Saved entries:

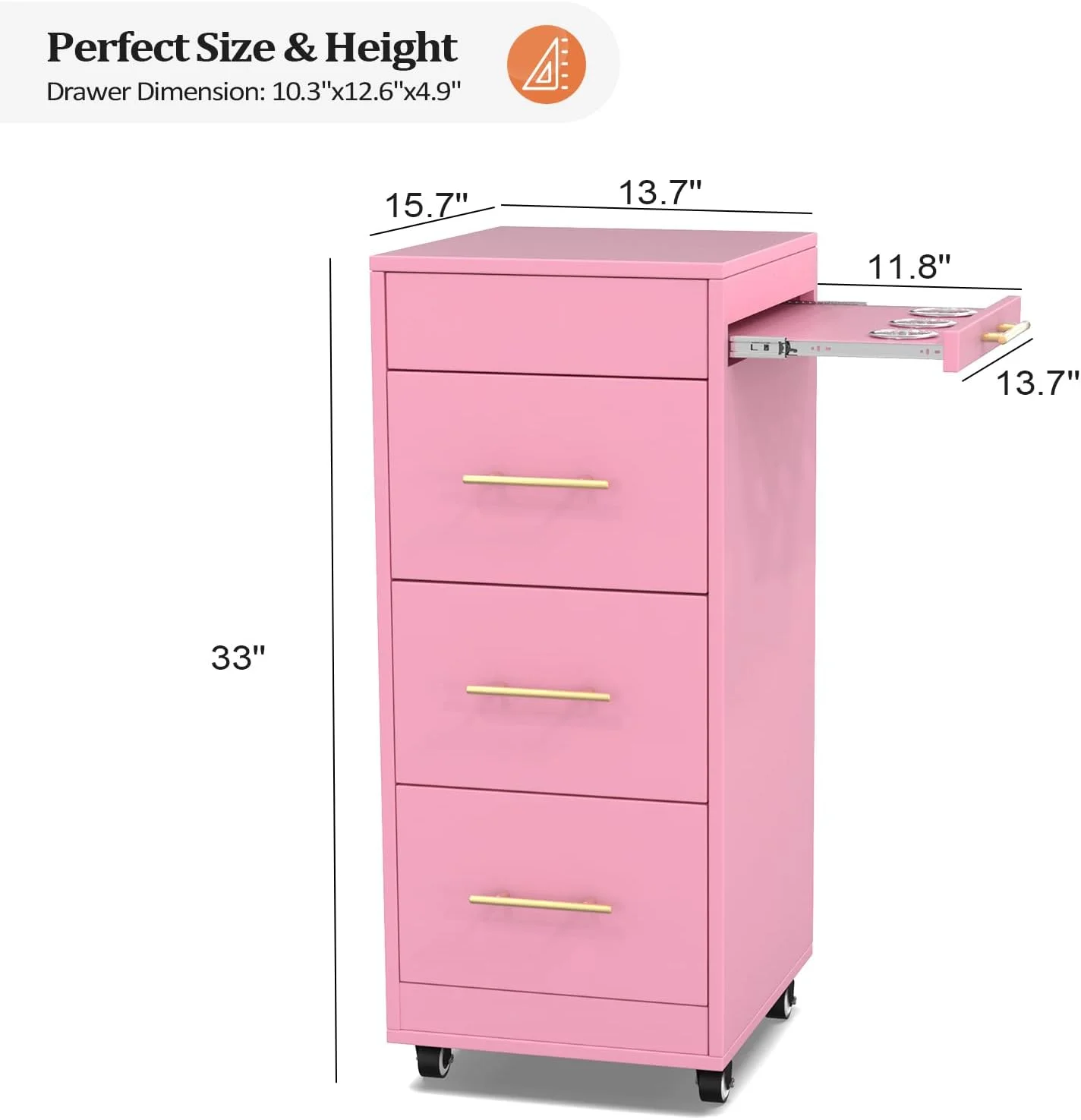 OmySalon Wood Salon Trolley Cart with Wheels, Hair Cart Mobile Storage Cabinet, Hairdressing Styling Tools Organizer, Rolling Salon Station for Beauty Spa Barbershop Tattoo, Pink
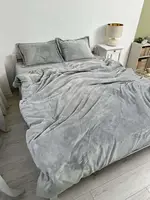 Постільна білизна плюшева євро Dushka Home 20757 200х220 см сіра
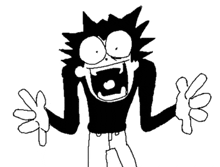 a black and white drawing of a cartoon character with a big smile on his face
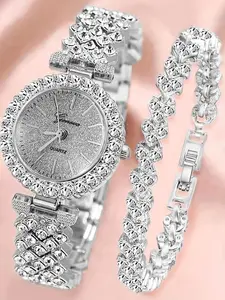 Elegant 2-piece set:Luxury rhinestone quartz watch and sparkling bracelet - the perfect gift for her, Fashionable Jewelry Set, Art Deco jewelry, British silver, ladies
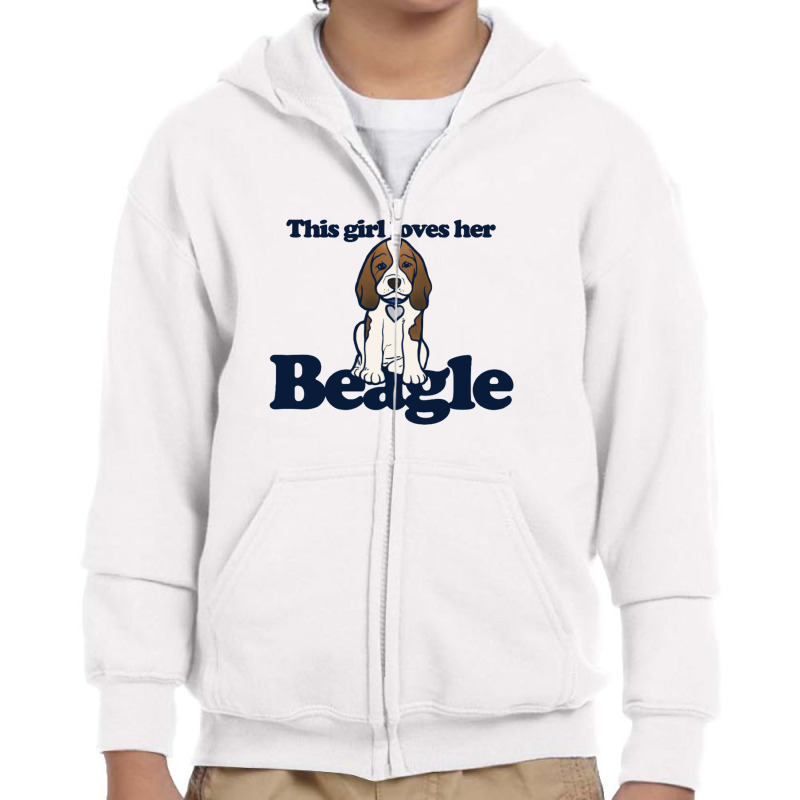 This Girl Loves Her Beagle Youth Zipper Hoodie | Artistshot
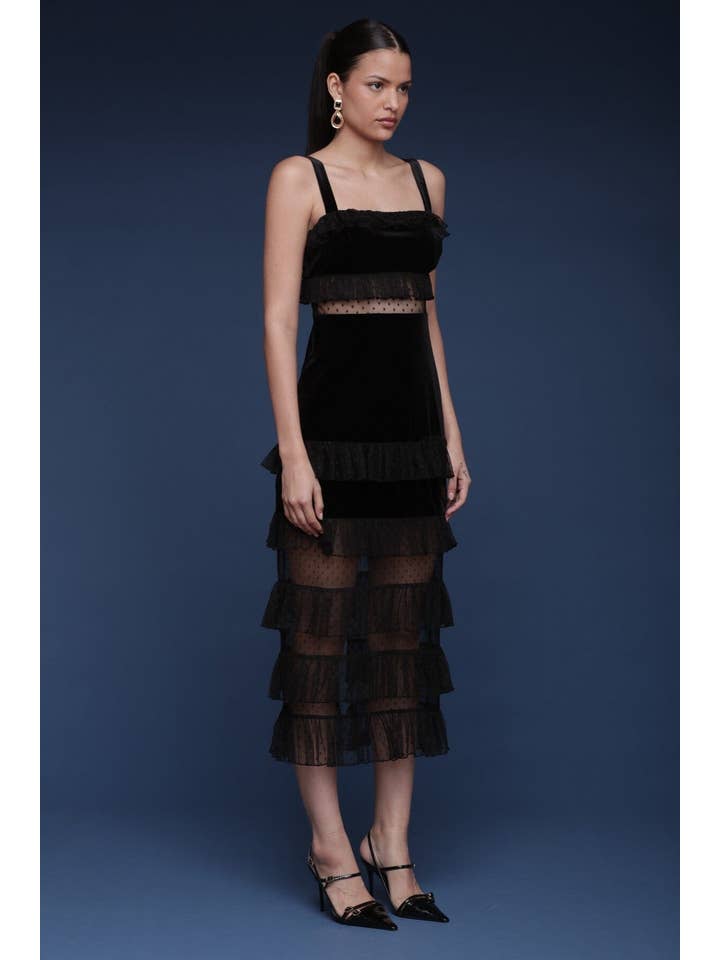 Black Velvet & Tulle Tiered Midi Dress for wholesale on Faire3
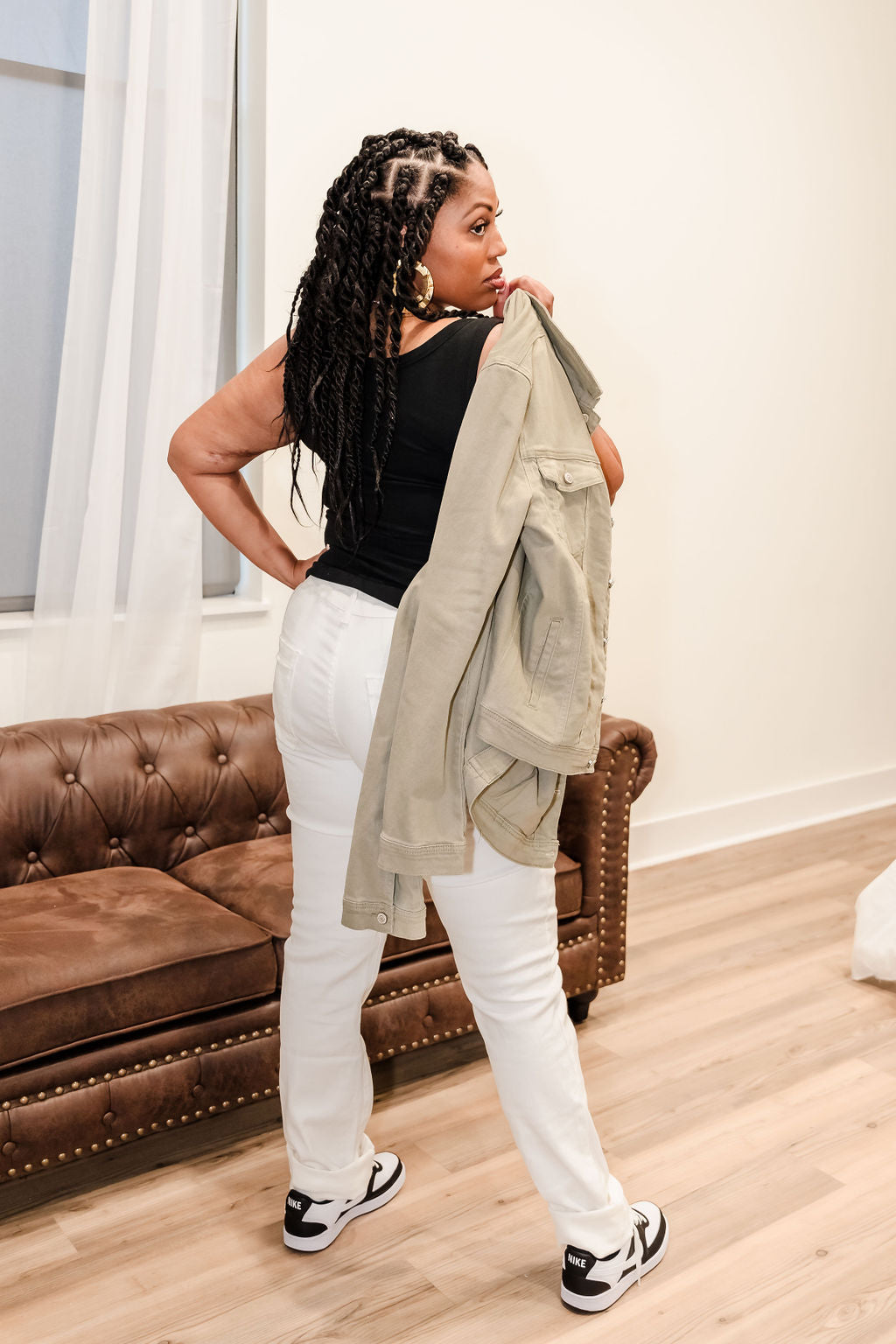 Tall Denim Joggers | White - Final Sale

▶ _PROBLEM TO WORK ON_
Exactly as written, please copy out the whole set of records, skipping images.

▶ _SOLUTION TO THIS PROBLEM_
 OmySalon Wood Salon Trolley Cart with Wheels, Hair Cart Mobile Storage Cabinet, Hairdressing Styling Tools Organizer, Rolling Salon Station for Beauty Spa Barbershop Tattoo, Pink
 Постільна білизна плюшева євро Dushka Home 20757 200х220 см сіра
 a black and white drawing of a cartoon character with a big smile on his face
 Elegant 2-piece set:Luxury rhinestone quartz watch and sparkling bracelet - the perfect gift for her, Fashionable Jewelry Set, Art Deco jewelry, British silver, ladies
 This Girl Loves Her Beagle Youth Zipper Hoodie | Artistshot
 Black Velvet & Tulle Tiered Midi Dress for wholesale on Faire3
 Tall Denim Joggers | White - Final Sale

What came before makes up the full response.